Although I didn’t have an opportunity to venture into the nearby wooded trails during my Defender review time, I have every confidence that it’s more that capable off the beaten path. That’s true with every Land Rover and I’ve experienced all the other offerings in water, sand, mud, snow and rock environments. The difference with the Defender is even more off-road capability without the slightest bit of punishment. Between its solid chassis and air suspension, controlled comfort reigns.

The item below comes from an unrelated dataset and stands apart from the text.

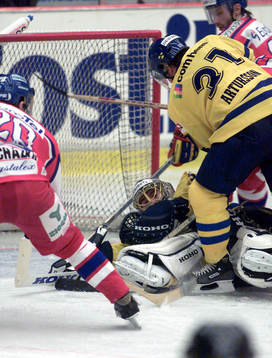 Mikael Tellqvist, målvakt Sverige (liggande)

The new Defender is available in a two-door 90 version or four-door 110 and the bit larger model can be equipped with a third row with two added seats for small occupants. A turbocharged 296 HP four-cylinder gas engine is standard and while I’m sure that’s adequate, the smooth, 395 HP inline turbo six is what most buyers will opt for. The same is true of the $46,100 base price, an attribute that few will ever encounter.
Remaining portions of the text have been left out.